本文档深入分析了ClickHouse表readonly或zk元数据lost的问题,并提出了相应的解决方案。通过对问题的深入研究和实践经验的总结,我们总结了一些有效的方法来处理这些问题,以确保ClickHouse表的正常运行和数据的安全性
ClickHouse是一款高性能的分布式列式数据库,在处理大量数据时具有出色的性能。然而,在实际使用过程中,我们可能会遇到ClickHouse表readonly或zk元数据lost的问题,这会影响到数据库的正常操作和数据的一致性。
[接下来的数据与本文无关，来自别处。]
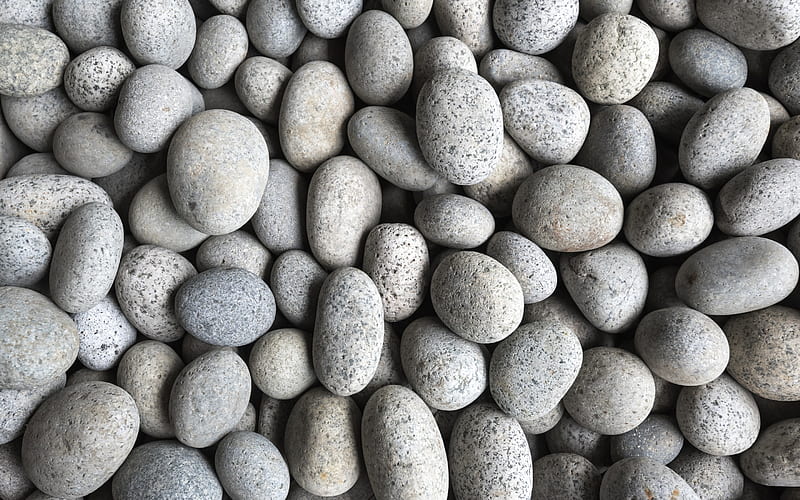 gray stones, pebble, coast, stone texture, smooth rounded stones, beach, HD wallpaper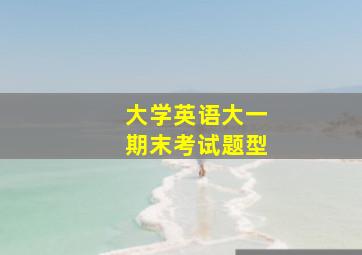 大学英语大一期末考试题型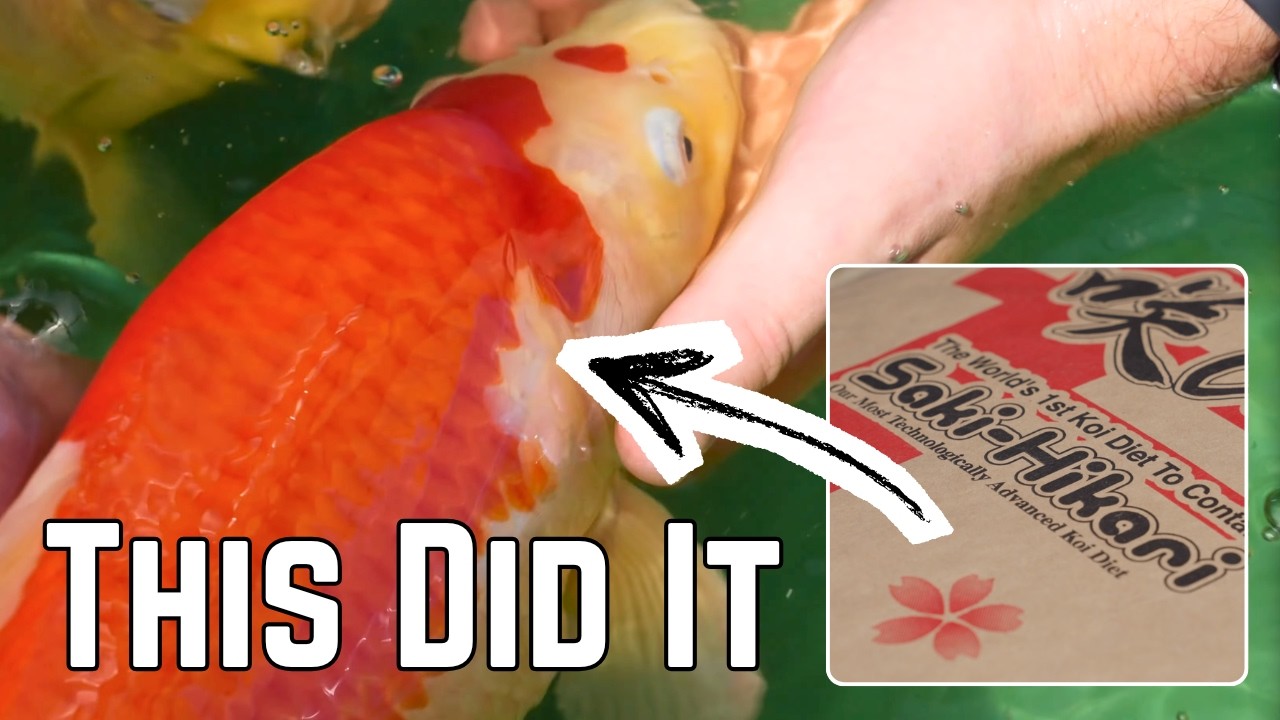 The Essential Role of Spirulina-Based Color Food in Koi Development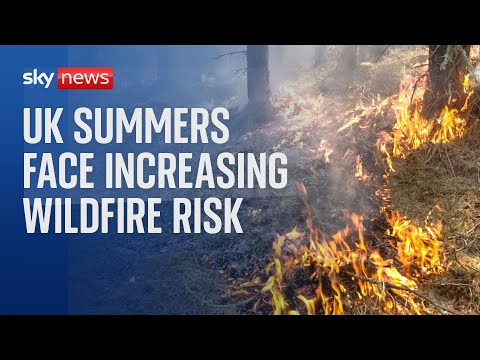 England and Wales at 'very high' risk of wildfires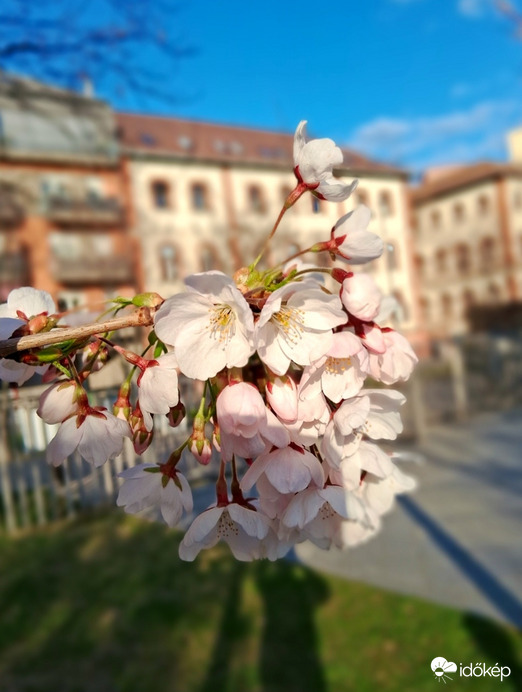 Tavasz Budapesten 2.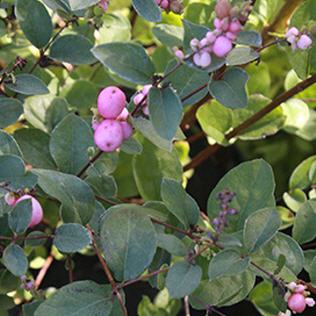 Symphoricarpos doorenbosii Amethyst -S-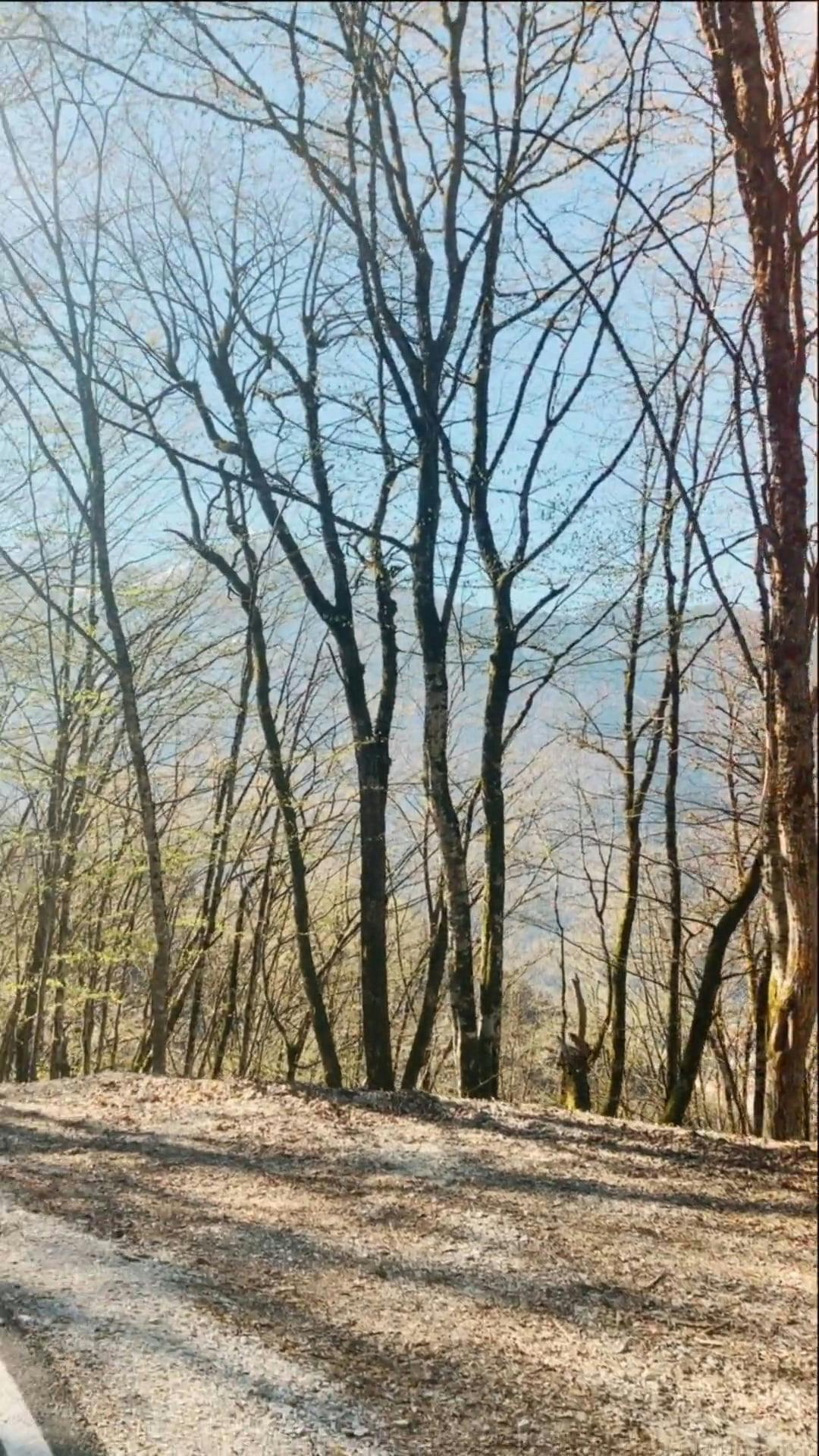 Video by Yaroslav Shuraev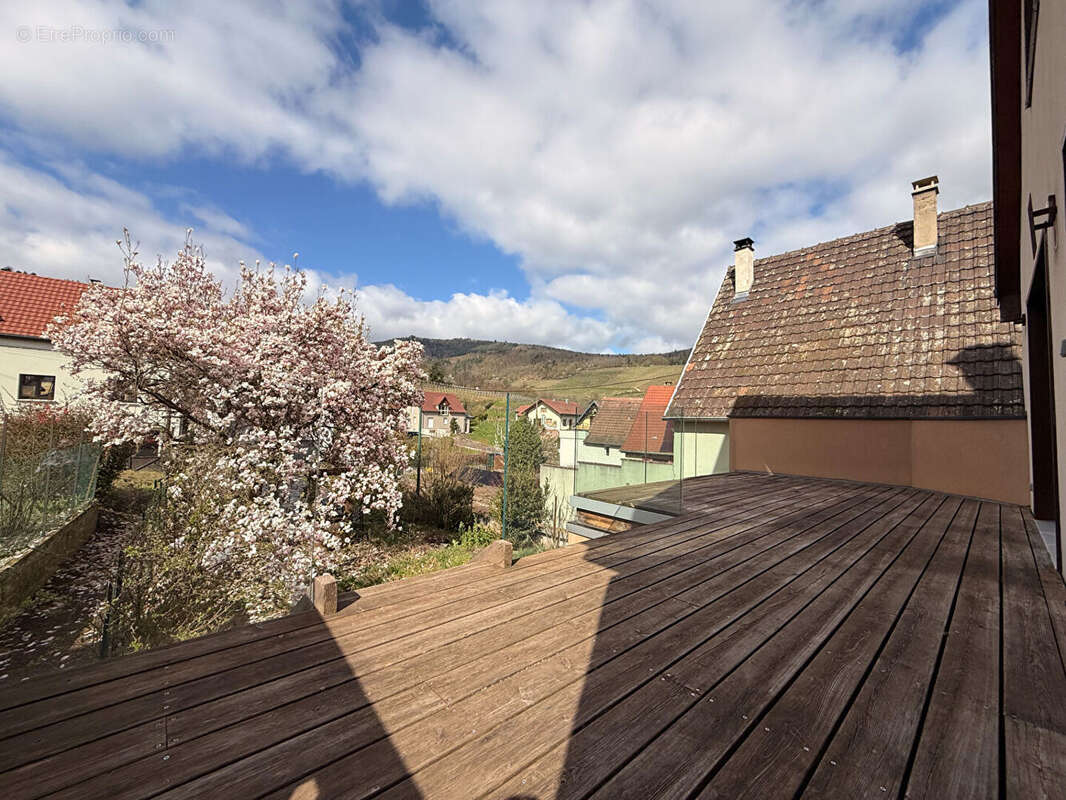 Maison à NIEDERMORSCHWIHR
因此,理解并解决这些问题对于确保ClickHouse系统的稳定性和可靠性至关重要。
Clickhouse 22.x 表readonly处理方法:
clickHouse 版本需要大于 21.7
#readonly时请手动删除zk或ck-keeper元数据再执行(只读表多可以直接删除data/app/clickhouse/coordination)
老本请参考https://kb.altinity.com/altinity-kb-setup-and-maintenance/altinity-kb-zookeeper/altinity-kb-recovering-from-complete-metadata-loss-in-zookeeper/
#!/bin/bash
# clickhouse机器的IP和端口
hosts=("192.168.0.110" "192.168.0.111" "192.168.0.112")
ports=("18101")
for host in ${hosts[@]}; do
for port in ${ports[@]}; do
query_result=$(clickhouse-client -u default --password 123456 --port $port -h $host --query "select database,table from system.replicas where is_readonly;")
# 该节点没有readonly状态的表,直接跳过
if [ -z "$query_result" ]; then
echo "$host:$port not have readonly table,skip"
continue
fi
# 将结果按行分割,并遍历每一行
while IFS= read -r line; do
# 分割行中的字段获取到数据库名和表名,并保存到变量中
database=$(echo $line | cut -d ' ' -f 1)
table=$(echo $line | cut -d ' ' -f 2)
# 拼接新的SQL语句数组
new_sql=( "SYSTEM RESTART REPLICA $database.$table;" "SYSTEM RESTORE REPLICA $database.$table;")
# 循环执行新的SQL语句并输出结果
for sql in "${new_sql[@]}"; do
# 执行新的SQL语句并输出结果
echo "Results for $database.$table:"
clickhouse-client -u default --password 123456 --port $port -h $host --query "$sql"
echo ""
done
done <<< "$query_result"
done
done
Clickhouse 20.x批量脚本:
#ck 工作目录
CLICKHOUSE_WORKING_FOLDER=/data/app/clickhouse
#ck 数据目录
CLICKHOUSE_DATA_FOLDER=/data/appData/clickhouse
# should be same disk as CLICKHOUSE_WORKING_FOLDER! (otherwise we can't use hardlinks)
#ckrecovery 数据目录
CLICKHOUSE_TOOLSET_FOLDER=/data/clickhouse-zookeeper-recovery-master
#ck ck用户
CLICKHOUSE_WORKING_USER=commonuser
#ck ck用户
BACKUP_FOLDER="${CLICKHOUSE_TOOLSET_FOLDER}/backup2024-01-02"
#ck ck脚本目录
# if you need some adjustments - like username/password/port/listened host or some parameter - adjust it here.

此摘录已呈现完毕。